Rogier would go on to earn an MBA from Stanford, where he also conducted “Lunch and Learn” chats with Silicon Valley luminaries. He would return to Los Angeles and try his hand at investing.
But something made him pause: “In America, we often think that education stops when school stops,” he says. “For our grandparents, everything they learned in school could last them for most of their lives. But that’s no longer the case.”
In an increasingly changing world, Rogier kept going back to one question: “How do we create the school for the rest of our lives?” He thought long and hard about how to create lifelong learning in a way that’s affordable and enjoyable.
His pilot classes were with his mom and dad. It would take a few years to get the best in the world to teach. “There were some dark days,” Rogier recalls, “hundreds of cold emails with no response. And then I got a call from bestselling author James Patterson.” He agreed to teach a class about writing.
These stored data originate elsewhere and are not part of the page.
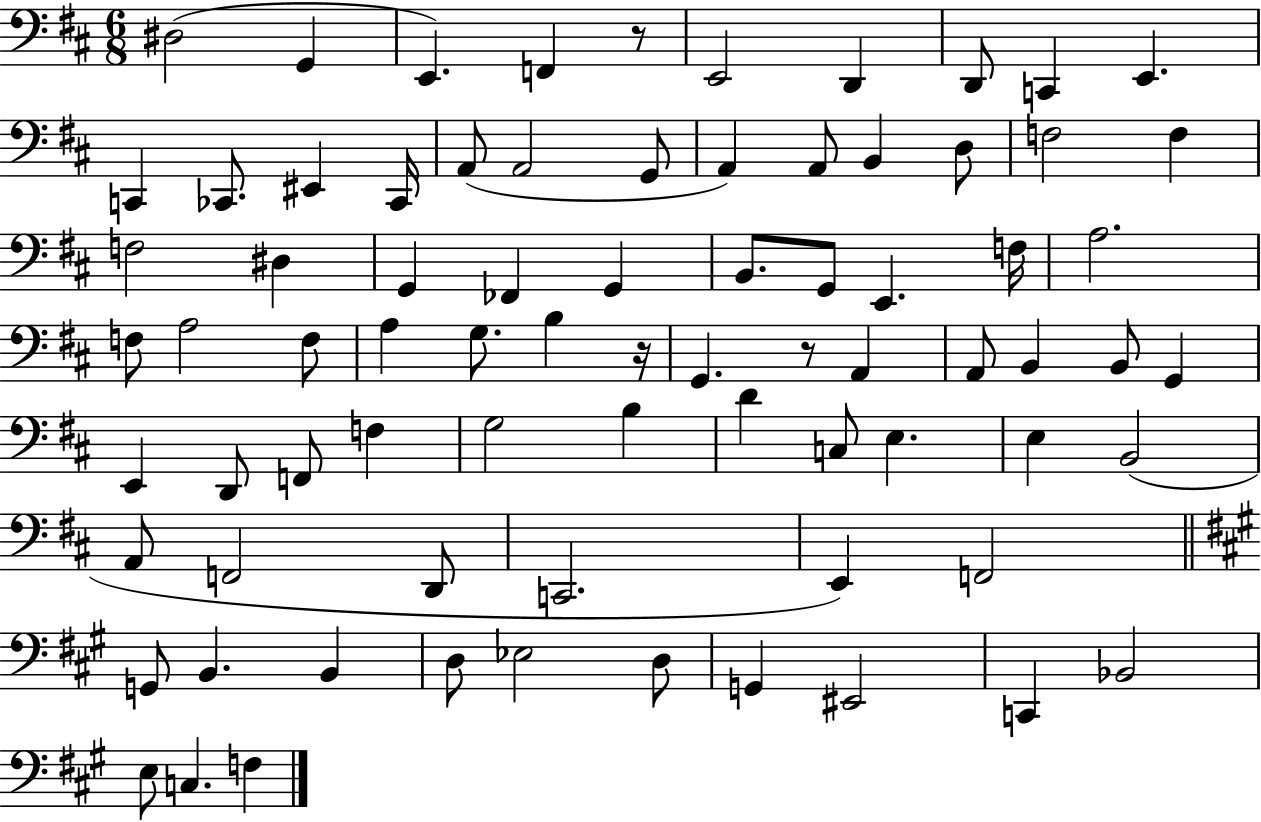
D#3/h G2/q E2/q. F2/q R/e E2/h D2/q D2/e C2/q E2/q. C2/q CES2/e. EIS2/q CES2/s A2/e A2/h G2/e A2/q A2/e B2/q D3/e F3/h F3/q F3/h D#3/q G2/q FES2/q G2/q B2/e. G2/e E2/q. F3/s A3/h. F3/e A3/h F3/e A3/q G3/e. B3/q R/s G2/q. R/e A2/q A2/e B2/q B2/e G2/q E2/q D2/e F2/e F3/q G3/h B3/q D4/q C3/e E3/q. E3/q B2/h A2/e F2/h D2/e C2/h. E2/q F2/h G2/e B2/q. B2/q D3/e Eb3/h D3/e G2/q EIS2/h C2/q Bb2/h E3/e C3/q. F3/q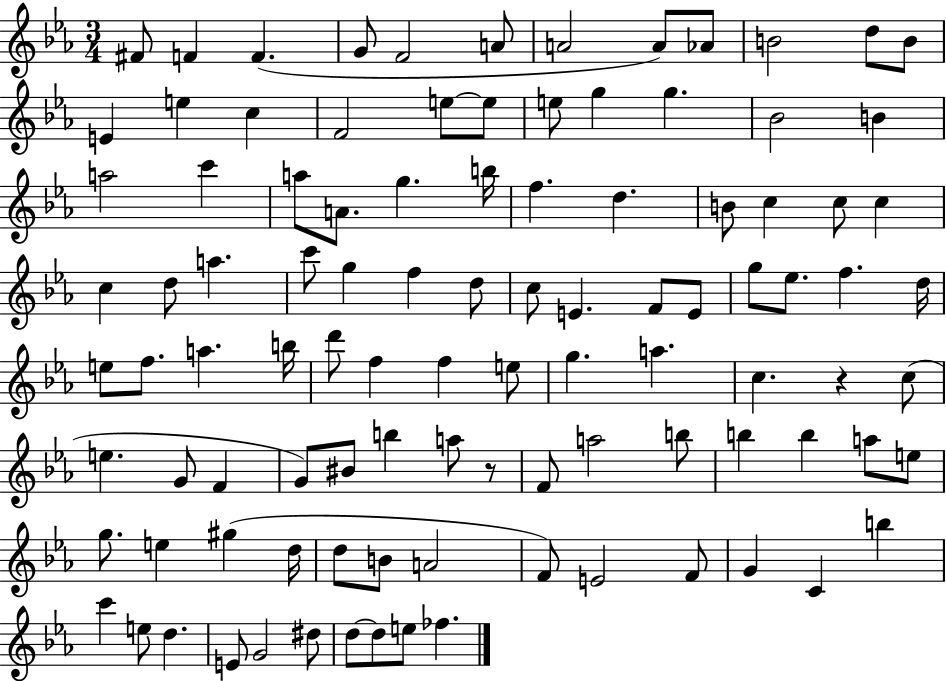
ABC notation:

X:1
T:Untitled
M:3/4
L:1/4
K:Eb
^F/2 F F G/2 F2 A/2 A2 A/2 _A/2 B2 d/2 B/2 E e c F2 e/2 e/2 e/2 g g _B2 B a2 c' a/2 A/2 g b/4 f d B/2 c c/2 c c d/2 a c'/2 g f d/2 c/2 E F/2 E/2 g/2 _e/2 f d/4 e/2 f/2 a b/4 d'/2 f f e/2 g a c z c/2 e G/2 F G/2 ^B/2 b a/2 z/2 F/2 a2 b/2 b b a/2 e/2 g/2 e ^g d/4 d/2 B/2 A2 F/2 E2 F/2 G C b c' e/2 d E/2 G2 ^d/2 d/2 d/2 e/2 _f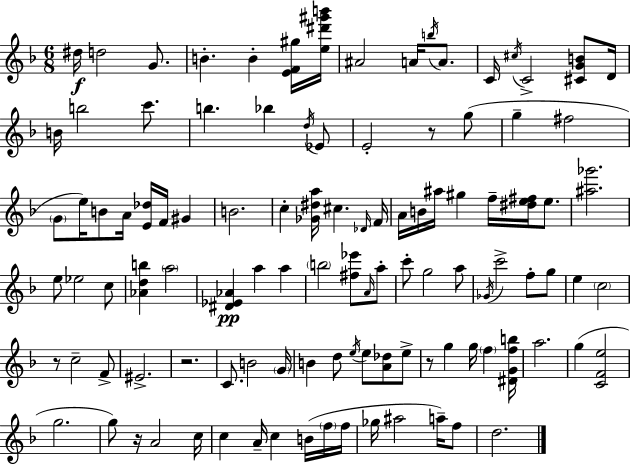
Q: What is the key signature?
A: F major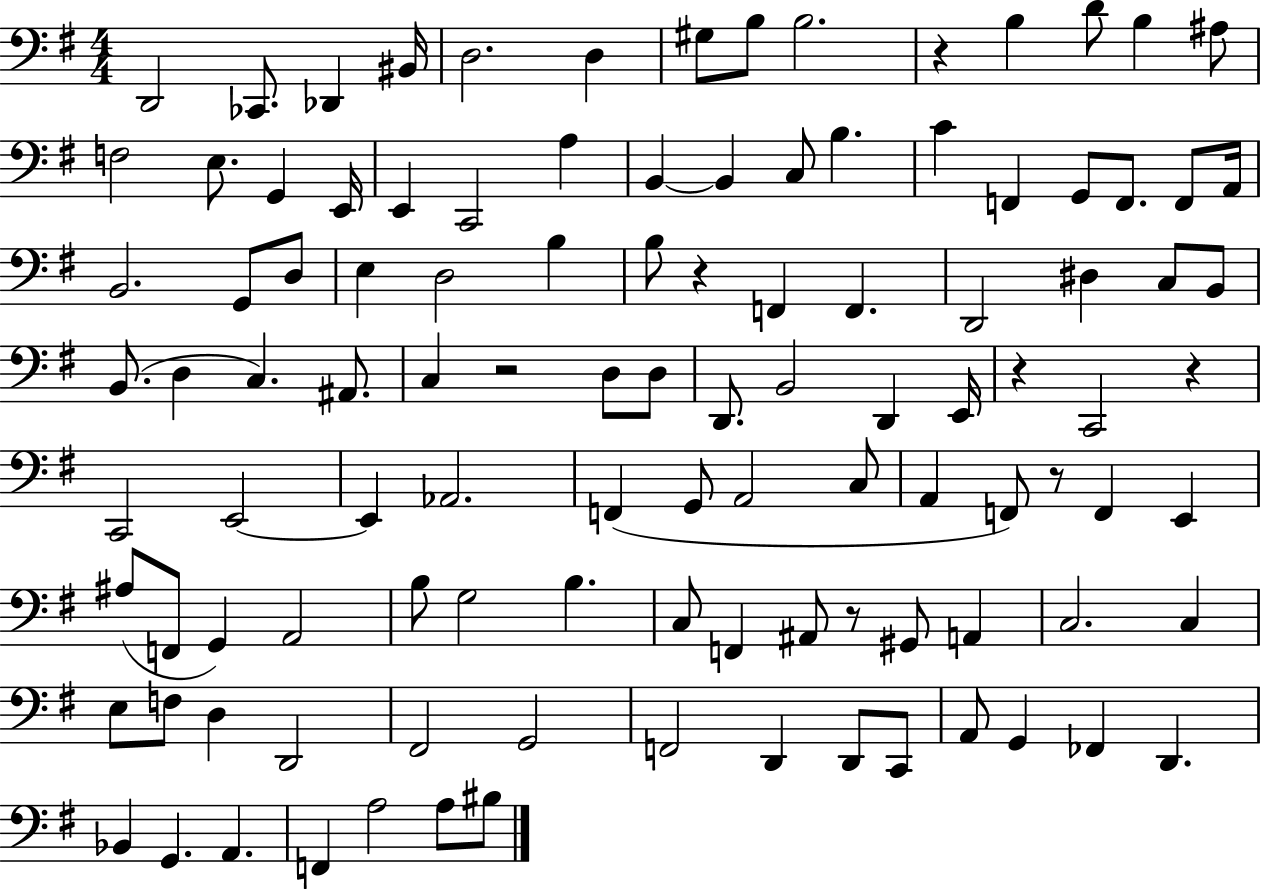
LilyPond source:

{
  \clef bass
  \numericTimeSignature
  \time 4/4
  \key g \major
  d,2 ces,8. des,4 bis,16 | d2. d4 | gis8 b8 b2. | r4 b4 d'8 b4 ais8 | \break f2 e8. g,4 e,16 | e,4 c,2 a4 | b,4~~ b,4 c8 b4. | c'4 f,4 g,8 f,8. f,8 a,16 | \break b,2. g,8 d8 | e4 d2 b4 | b8 r4 f,4 f,4. | d,2 dis4 c8 b,8 | \break b,8.( d4 c4.) ais,8. | c4 r2 d8 d8 | d,8. b,2 d,4 e,16 | r4 c,2 r4 | \break c,2 e,2~~ | e,4 aes,2. | f,4( g,8 a,2 c8 | a,4 f,8) r8 f,4 e,4 | \break ais8( f,8 g,4) a,2 | b8 g2 b4. | c8 f,4 ais,8 r8 gis,8 a,4 | c2. c4 | \break e8 f8 d4 d,2 | fis,2 g,2 | f,2 d,4 d,8 c,8 | a,8 g,4 fes,4 d,4. | \break bes,4 g,4. a,4. | f,4 a2 a8 bis8 | \bar "|."
}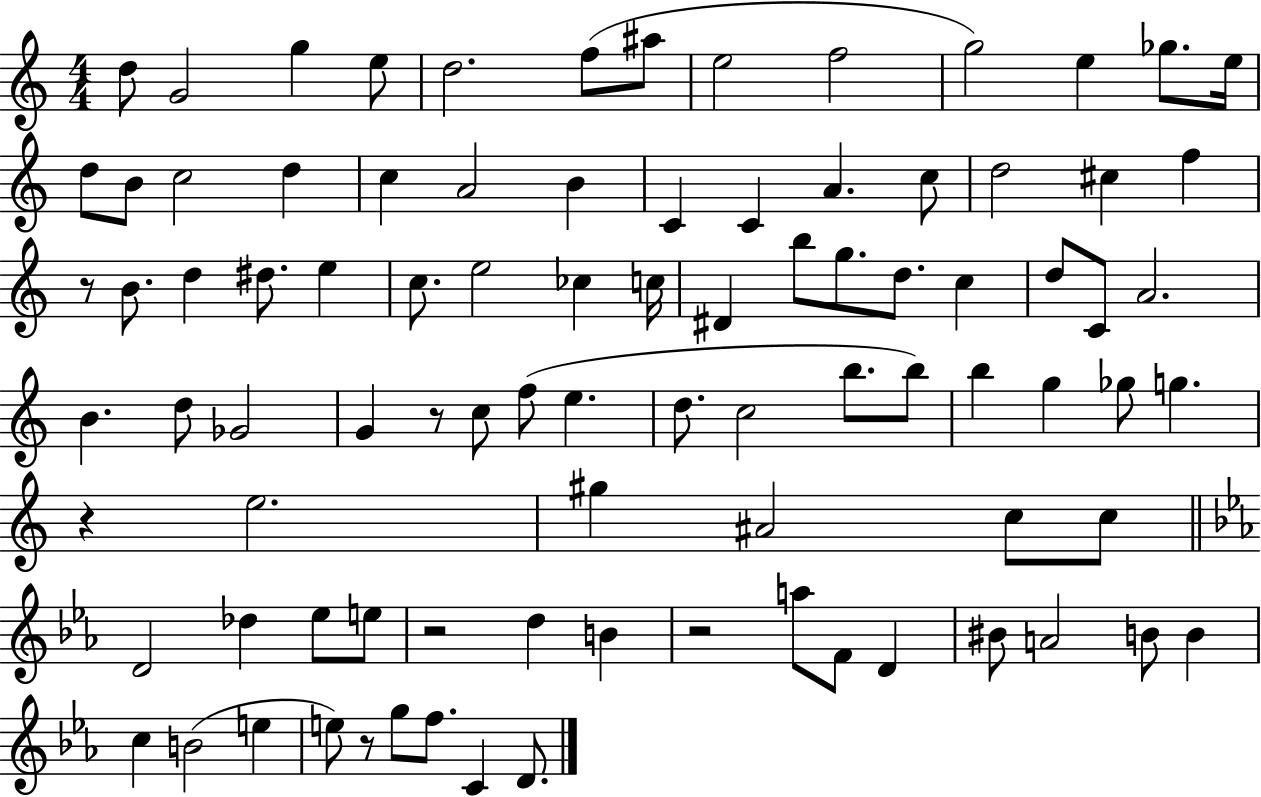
{
  \clef treble
  \numericTimeSignature
  \time 4/4
  \key c \major
  d''8 g'2 g''4 e''8 | d''2. f''8( ais''8 | e''2 f''2 | g''2) e''4 ges''8. e''16 | \break d''8 b'8 c''2 d''4 | c''4 a'2 b'4 | c'4 c'4 a'4. c''8 | d''2 cis''4 f''4 | \break r8 b'8. d''4 dis''8. e''4 | c''8. e''2 ces''4 c''16 | dis'4 b''8 g''8. d''8. c''4 | d''8 c'8 a'2. | \break b'4. d''8 ges'2 | g'4 r8 c''8 f''8( e''4. | d''8. c''2 b''8. b''8) | b''4 g''4 ges''8 g''4. | \break r4 e''2. | gis''4 ais'2 c''8 c''8 | \bar "||" \break \key ees \major d'2 des''4 ees''8 e''8 | r2 d''4 b'4 | r2 a''8 f'8 d'4 | bis'8 a'2 b'8 b'4 | \break c''4 b'2( e''4 | e''8) r8 g''8 f''8. c'4 d'8. | \bar "|."
}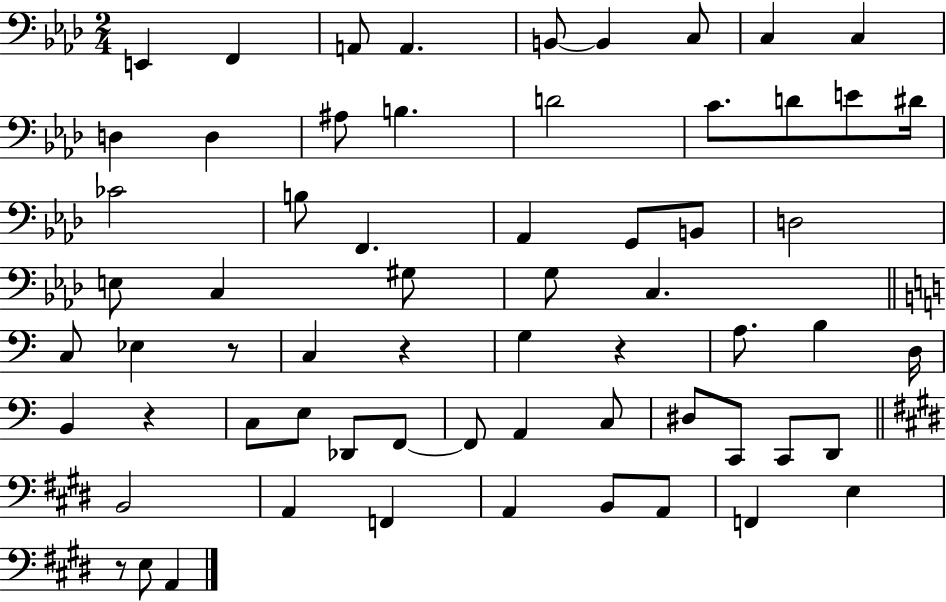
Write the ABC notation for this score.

X:1
T:Untitled
M:2/4
L:1/4
K:Ab
E,, F,, A,,/2 A,, B,,/2 B,, C,/2 C, C, D, D, ^A,/2 B, D2 C/2 D/2 E/2 ^D/4 _C2 B,/2 F,, _A,, G,,/2 B,,/2 D,2 E,/2 C, ^G,/2 G,/2 C, C,/2 _E, z/2 C, z G, z A,/2 B, D,/4 B,, z C,/2 E,/2 _D,,/2 F,,/2 F,,/2 A,, C,/2 ^D,/2 C,,/2 C,,/2 D,,/2 B,,2 A,, F,, A,, B,,/2 A,,/2 F,, E, z/2 E,/2 A,,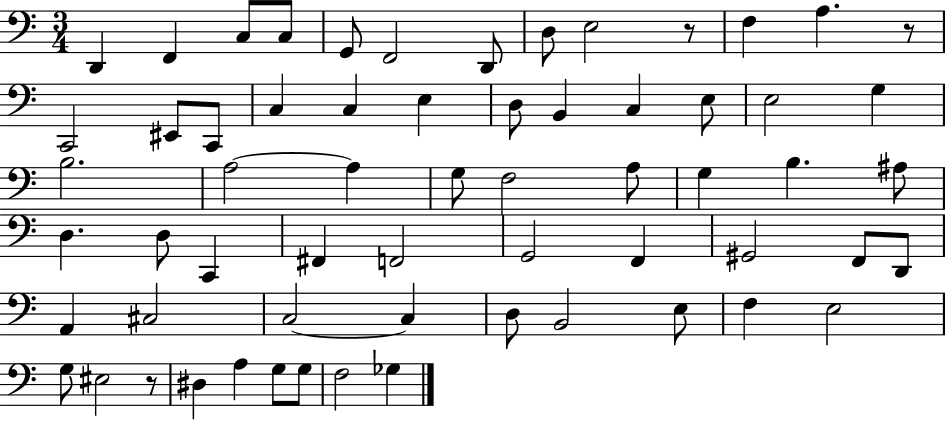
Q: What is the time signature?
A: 3/4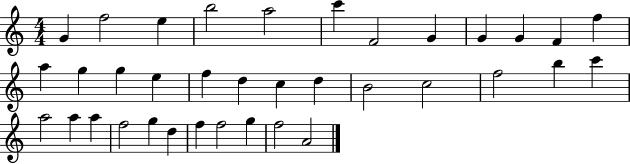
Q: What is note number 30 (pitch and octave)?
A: G5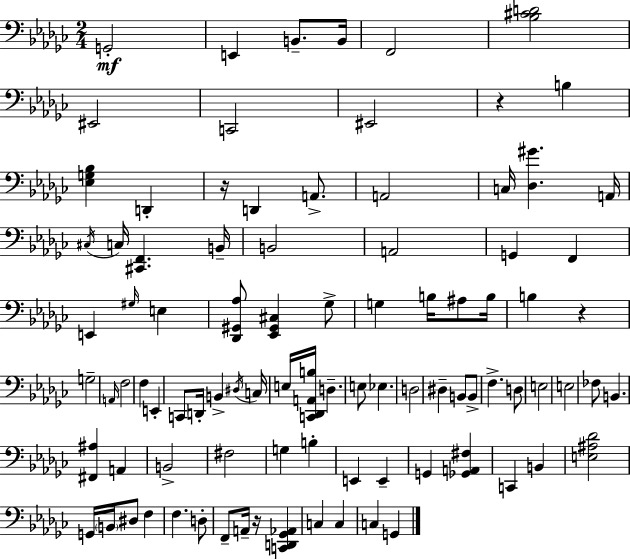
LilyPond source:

{
  \clef bass
  \numericTimeSignature
  \time 2/4
  \key ees \minor
  g,2-.\mf | e,4 b,8.-- b,16 | f,2 | <bes cis' d'>2 | \break eis,2 | c,2 | eis,2 | r4 b4 | \break <ees g bes>4 d,4-. | r16 d,4 a,8.-> | a,2 | c16 <des gis'>4. a,16 | \break \acciaccatura { cis16 } c16 <cis, f,>4. | b,16-- b,2 | a,2 | g,4 f,4 | \break e,4 \grace { gis16 } e4 | <des, gis, aes>8 <ees, gis, cis>4 | ges8-> g4 b16 ais8 | b16 b4 r4 | \break g2-- | \grace { a,16 } f2 | f4 e,4-. | c,8 d,16-. b,4-> | \break \acciaccatura { dis16 } c16 e16 <c, des, a, b>16 d4.-- | e8 ees4. | d2 | dis4-- | \break b,8 b,8-> f4.-> | d8 e2 | e2 | fes8 b,4. | \break <fis, ais>4 | a,4 b,2-> | fis2 | g4 | \break b4-. e,4 | e,4-- g,4 | <ges, a, fis>4 c,4 | b,4 <e ais des'>2 | \break g,16 \parenthesize b,16 dis8 | f4 f4. | d8-. f,8-- a,16-- r16 | <c, d, ges, aes,>4 c4 | \break c4 c4 | g,4 \bar "|."
}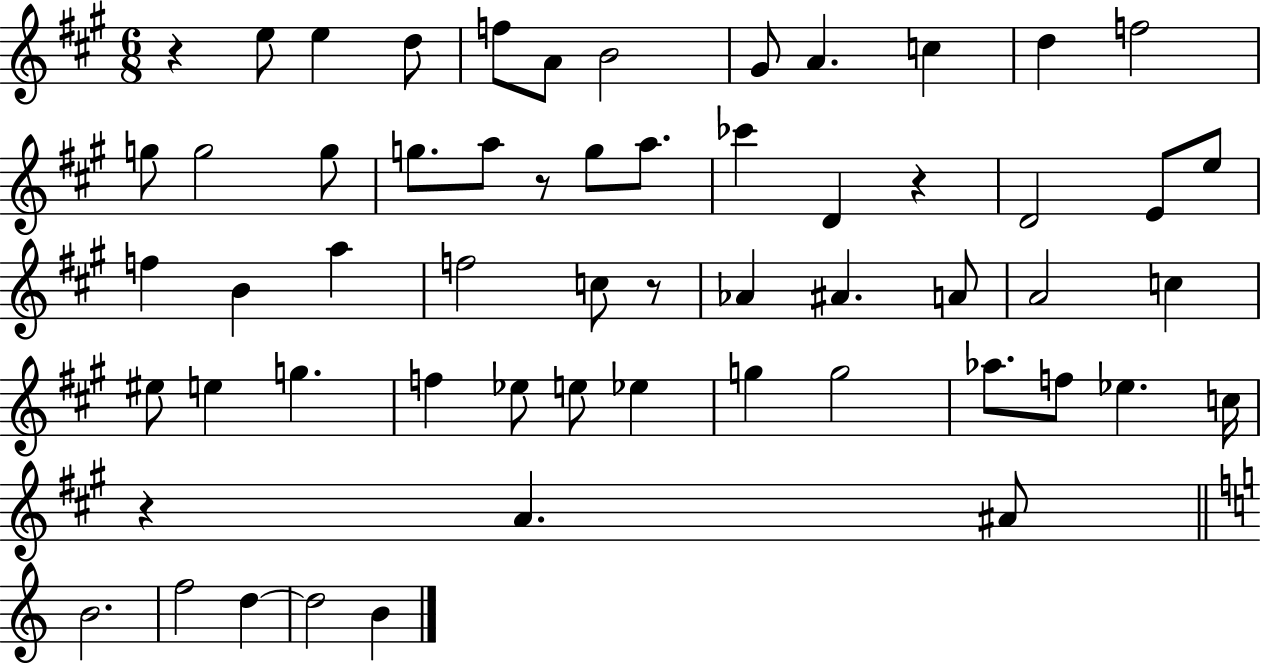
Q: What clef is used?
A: treble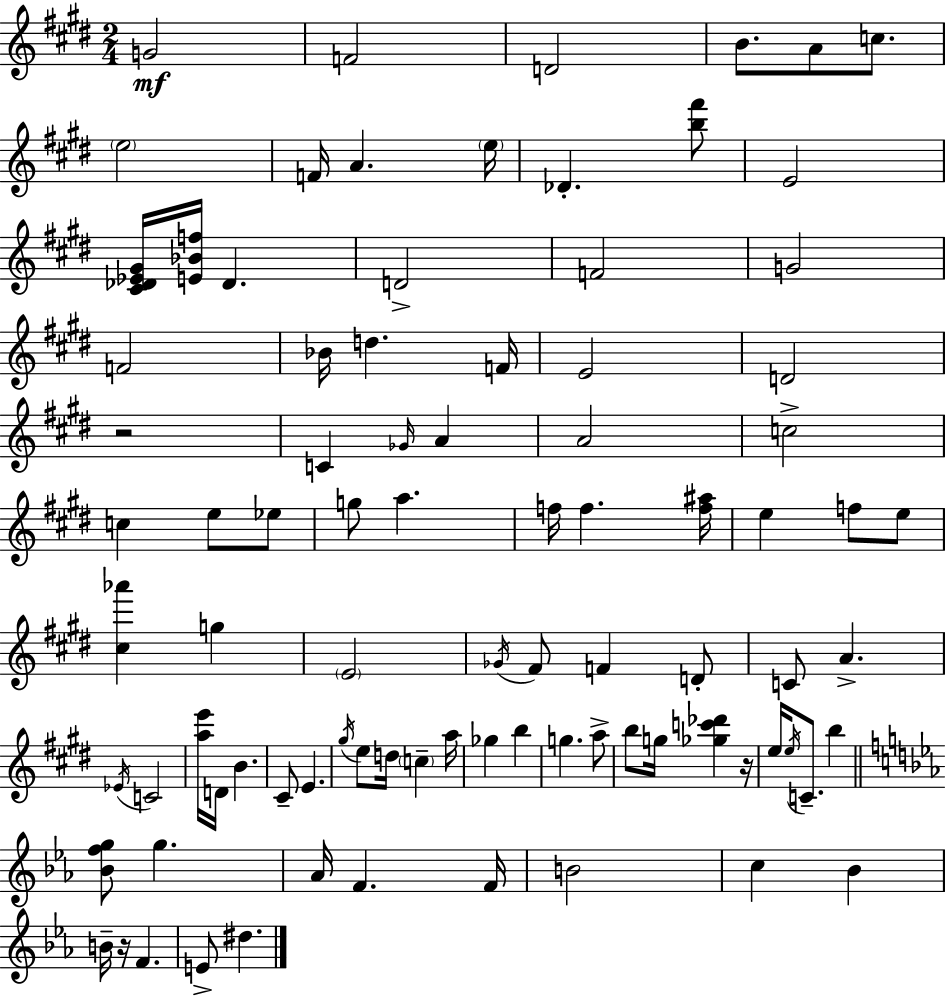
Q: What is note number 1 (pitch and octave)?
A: G4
In 2015, MasterClass launched with Patterson and four other instructors: Dustin Hoffman, Serena Williams, Usher and Annie Leibovitz. Today, MasterClass has more than 150 instructors, offers more than 540 hours of content and more than 2,600 lessons. And it has been recognized by Fast Company magazineas one of the “brands that matter.”
Rogier scaled back on creating courses during the COVID-19 pandemic, but MasterClass saw a surge in popularity. “One of our most-watched chapters was with Chris Voss,” Rogier says. Voss, a former FBI hostage negotiator, teaches a negotiation class on tactical empathy. “We found that people wanted to know how to negotiate with their spouses on stuff like who gets internet access tonight.” His team also saw a spike in CEOs signing up for classes, in search of leadership skills during a time of crisis.
Looking ahead, Rogier plans to expand these lifelong learning opportunities with new offerings to business employees. Sessions by MasterClass, for example, will provide a structured, 30-day curriculum where members can learn meaningful new skills by guided instruction. And international outreach is important, too; the company has committed to distributing MasterClass programming — for free — to at least one million people around the globe in 2022.
Rogier sums it up: “Imagine if you could go back in time and take a class from the Wright brothers. Part of our mission is to create that legacy knowledge, so in the future, you can still learn from the best of our time.”